Information given:
BEGIN
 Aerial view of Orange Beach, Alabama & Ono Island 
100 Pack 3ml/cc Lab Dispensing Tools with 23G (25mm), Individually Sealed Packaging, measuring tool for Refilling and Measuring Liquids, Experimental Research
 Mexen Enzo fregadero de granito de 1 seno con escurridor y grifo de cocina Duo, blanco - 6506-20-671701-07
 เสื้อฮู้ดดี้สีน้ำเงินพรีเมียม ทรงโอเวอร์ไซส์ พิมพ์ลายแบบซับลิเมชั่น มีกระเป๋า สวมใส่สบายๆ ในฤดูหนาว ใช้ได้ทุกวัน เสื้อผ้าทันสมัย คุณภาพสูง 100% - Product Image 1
END
BEGIN
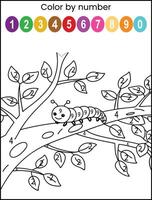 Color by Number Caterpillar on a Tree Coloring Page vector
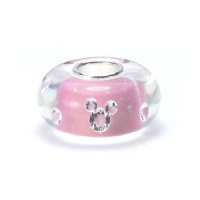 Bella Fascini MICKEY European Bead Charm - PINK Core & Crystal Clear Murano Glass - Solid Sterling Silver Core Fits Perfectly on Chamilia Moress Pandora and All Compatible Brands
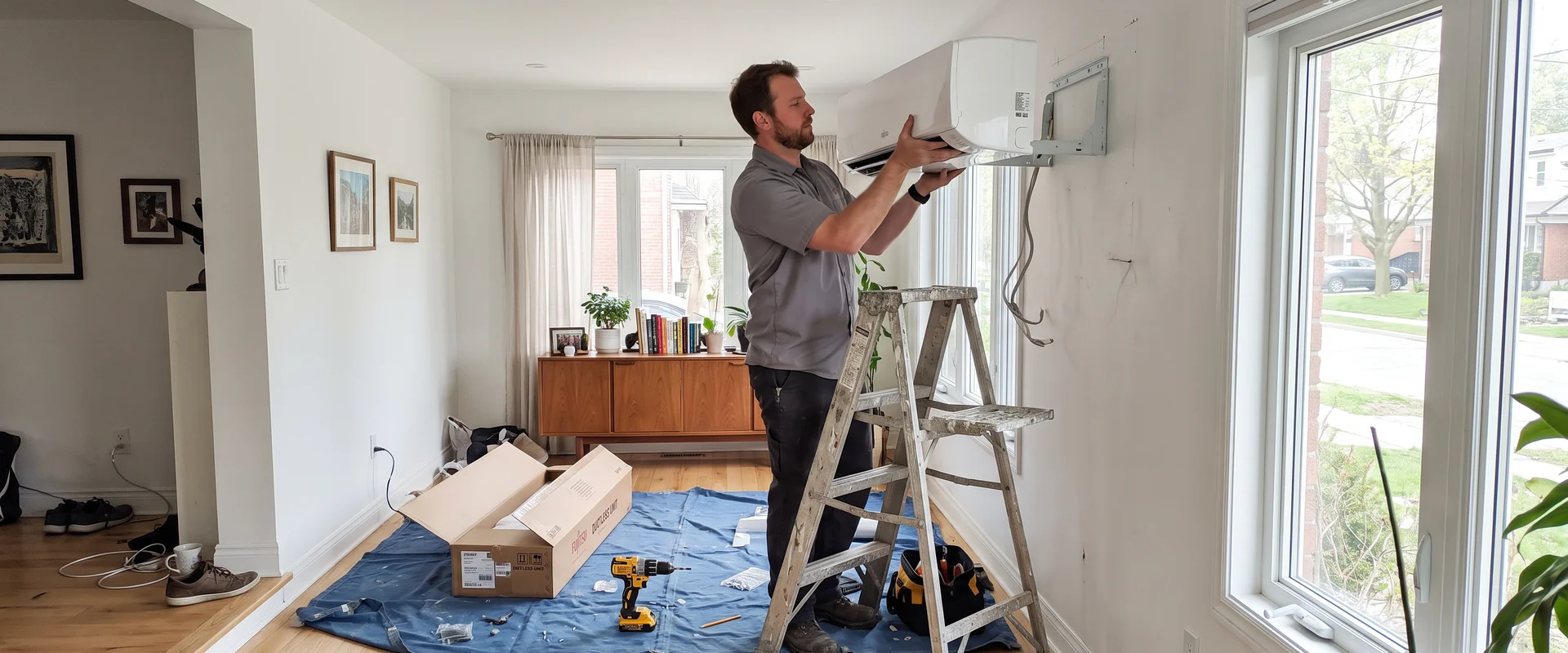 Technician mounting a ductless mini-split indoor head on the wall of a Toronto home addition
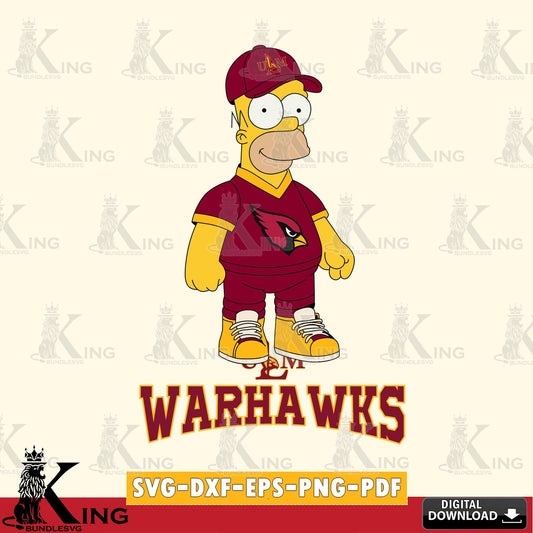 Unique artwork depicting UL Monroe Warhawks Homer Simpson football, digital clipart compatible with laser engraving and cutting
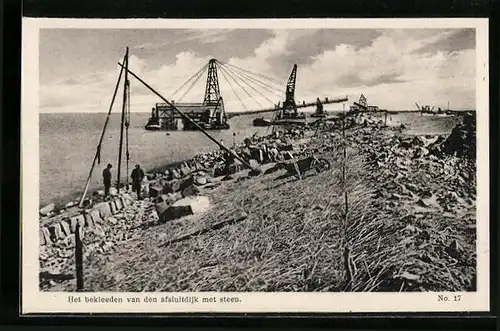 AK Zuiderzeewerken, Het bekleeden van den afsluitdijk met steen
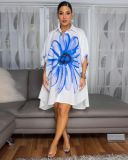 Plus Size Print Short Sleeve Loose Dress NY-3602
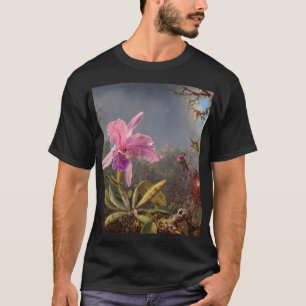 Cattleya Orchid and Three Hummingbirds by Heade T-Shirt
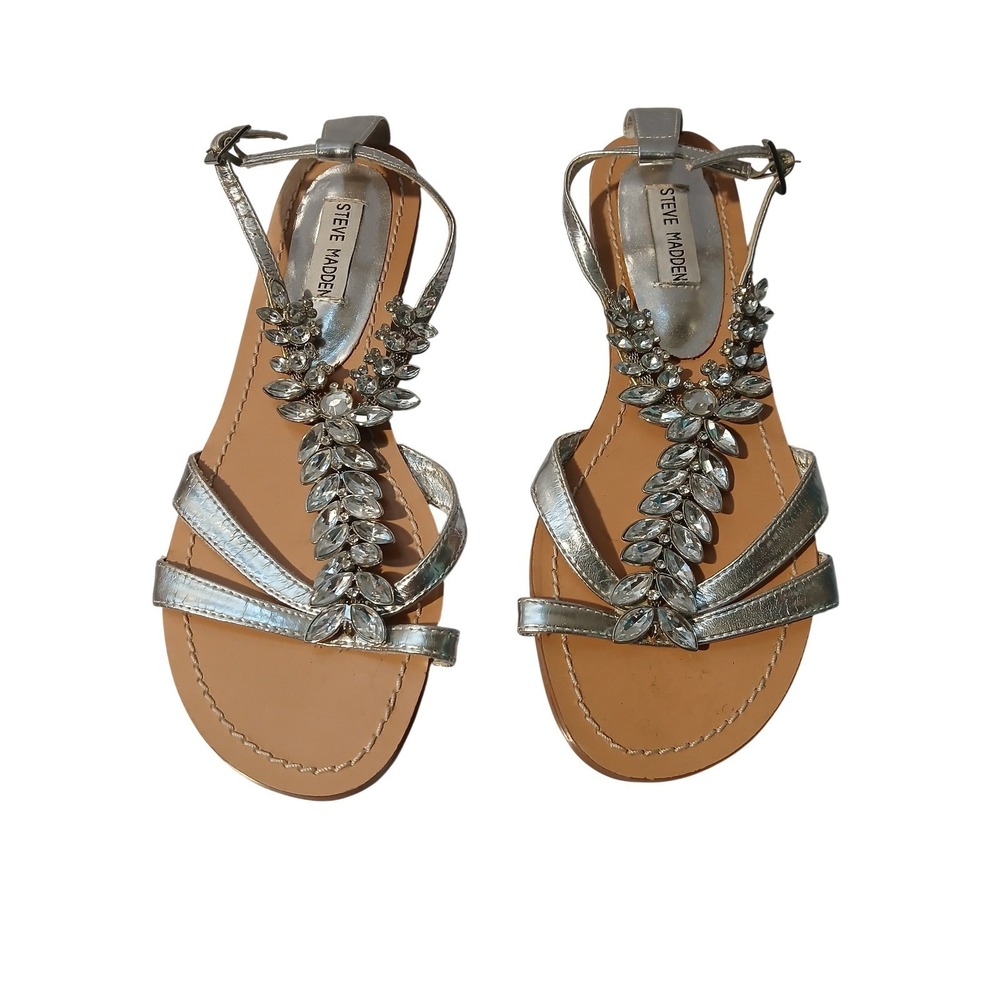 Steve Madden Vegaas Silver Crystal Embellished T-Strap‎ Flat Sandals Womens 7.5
END
Requirement: The answer must be the part of the records that opens with the line containing "Plus Size Print" and closes with the line containing "Steve Madden Vegaas", reproduced exactly, with no pictures.

Solution to this problem:
 Plus Size Print Short Sleeve Loose Dress NY-3602
 Cattleya Orchid and Three Hummingbirds by Heade T-Shirt
 Steve Madden Vegaas Silver Crystal Embellished T-Strap‎ Flat Sandals Womens 7.5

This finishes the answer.